AO also made addition of Rs.1,00,00,000/- on failure of the assessee to furnish details of expenditure claimed, bills & vouchers and evidence of TDS deducted, if any, and thereby assessed the total income of the assessee at Rs.1,42,20,680/-. 3. Assessee carried the matter by way of an appeal before the ld. CIT (A) who has confirmed the addition by dismissing the appeal. Feeling aggrieved, the assessee has come up before the Tribunal by way of filing the present appeal.
We have heard the ld. Authorized Representatives of the parties to the appeal, gone through the documents relied upon and orders passed by the revenue authorities below in the light of the facts and circumstances of the case.

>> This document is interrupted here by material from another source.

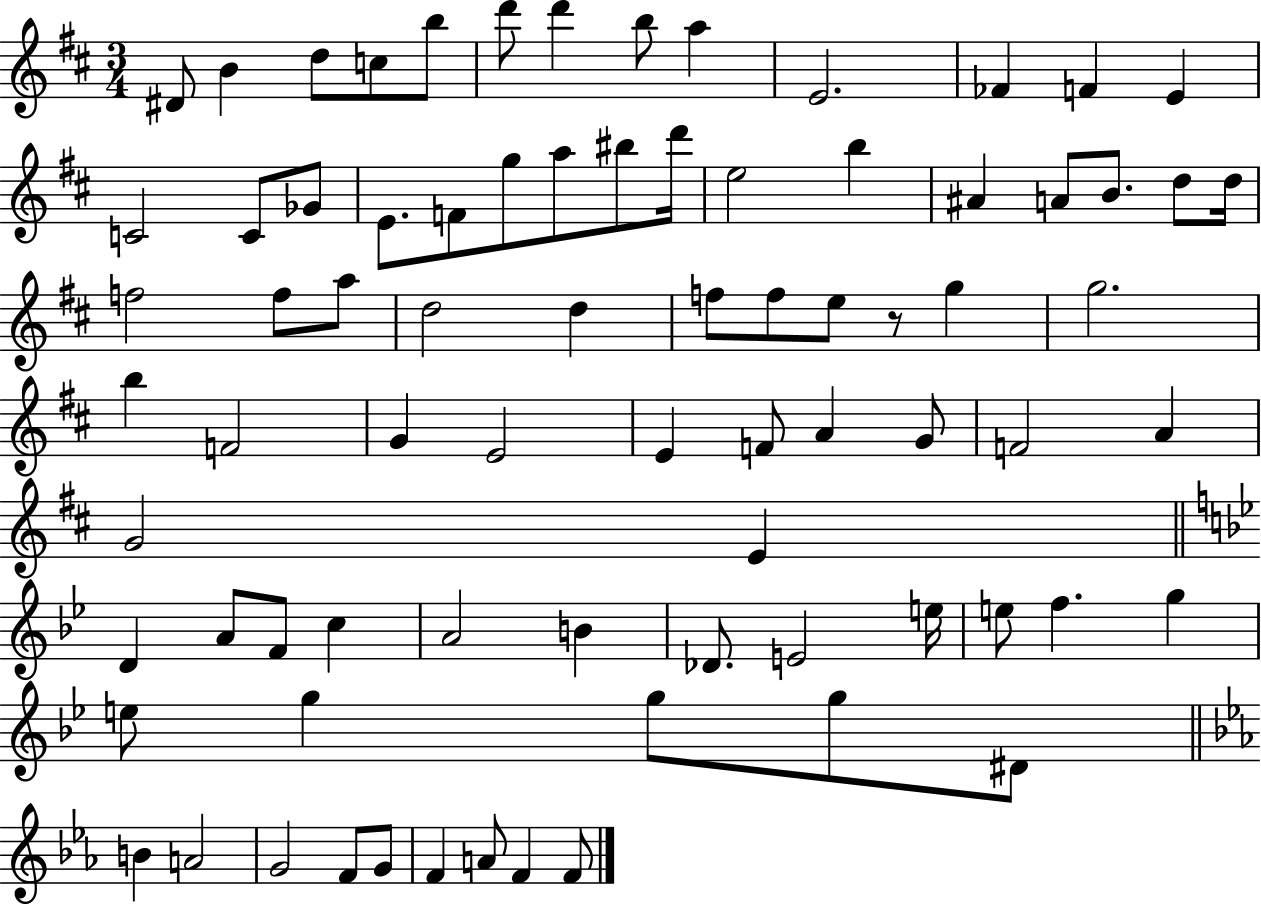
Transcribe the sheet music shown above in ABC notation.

At the very outset, it is brought to our notice by the ld. AR for the assessee that during appellate proceedings before the ld. CIT (A), assessee had moved application under Rule 46A of the Income-tax Rules, 1962 (for short ‘the Rules’) for bringing on record additional evidence, which was dismissed by the ld. CIT (A) on the sole ground that ample opportunities have been given to the assessee to bring on record the relevant evidence.
However, ld. DR for the Revenue has vehemently opposed the argument addressed by the ld. AR for the assessee that he was not given adequate opportunity of being heard on the ground that numerous opportunities have already been given to the assessee but he has intentionally not preferred to bring on record the relevant evidence, if any, and prayed for dismissal of the appeal.

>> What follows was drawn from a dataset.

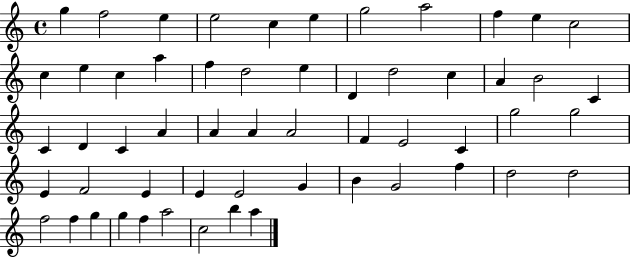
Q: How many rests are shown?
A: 0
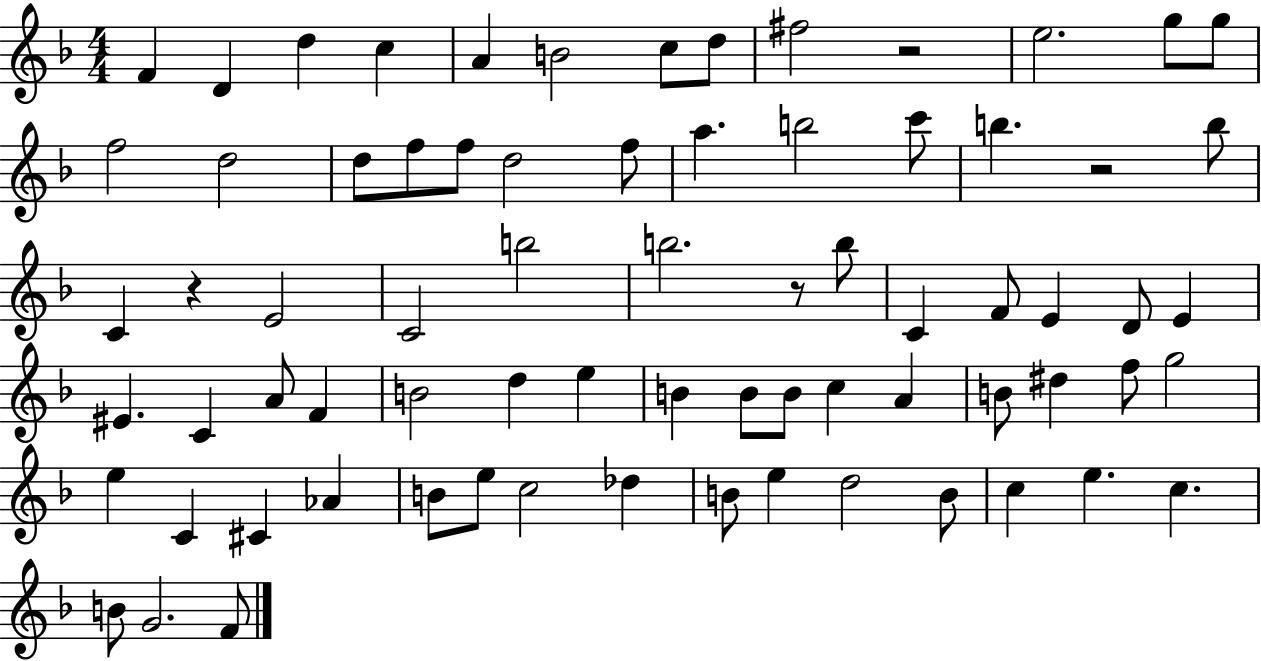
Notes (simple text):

No doubt in para 3.4.1 of the impugned order, ld. CIT (A) has recorded the chronology of assessment proceedings which took place before the AO granting numerous opportunities to the assessee to put-forth his defence but the assessee has not preferred to put an appearance and consequently, he was proceeded ex-parte.

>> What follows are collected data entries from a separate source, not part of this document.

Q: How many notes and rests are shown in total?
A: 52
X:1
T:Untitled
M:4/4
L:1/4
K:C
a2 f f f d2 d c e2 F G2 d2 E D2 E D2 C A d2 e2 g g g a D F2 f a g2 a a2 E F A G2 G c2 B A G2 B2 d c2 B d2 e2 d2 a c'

However, we are of the considered view that when the assessee has come up with detailed application under Rule 46A of the Rules to bring on record the relevant evidence, the same cannot be rejected by the ld. CIT (A) merely by relying upon the facts put forth by the AO that the assessee has intentionally not put an appearance rather ld. CIT (A) being a quasi-judicial authority was required to take a holistic view by providing opportunity of being heard to the assessee. Even otherwise, to decide the controversy once for all and also to stop the multiplicity of the litigation, the evidence sought to be led by the assessee during appellate proceedings is required to be entertained. So, we accept the additional evidence sought to be brought on record by the assessee by way of application under Rule 46A of the Rules and remand the case back to the AO to be decided afresh after providing adequate opportunity of being heard to the assessee. Consequently, the appeal filed by the assessee is allowed for statistical purposes. Order pronounced in open court on this 11th day of July, 2019.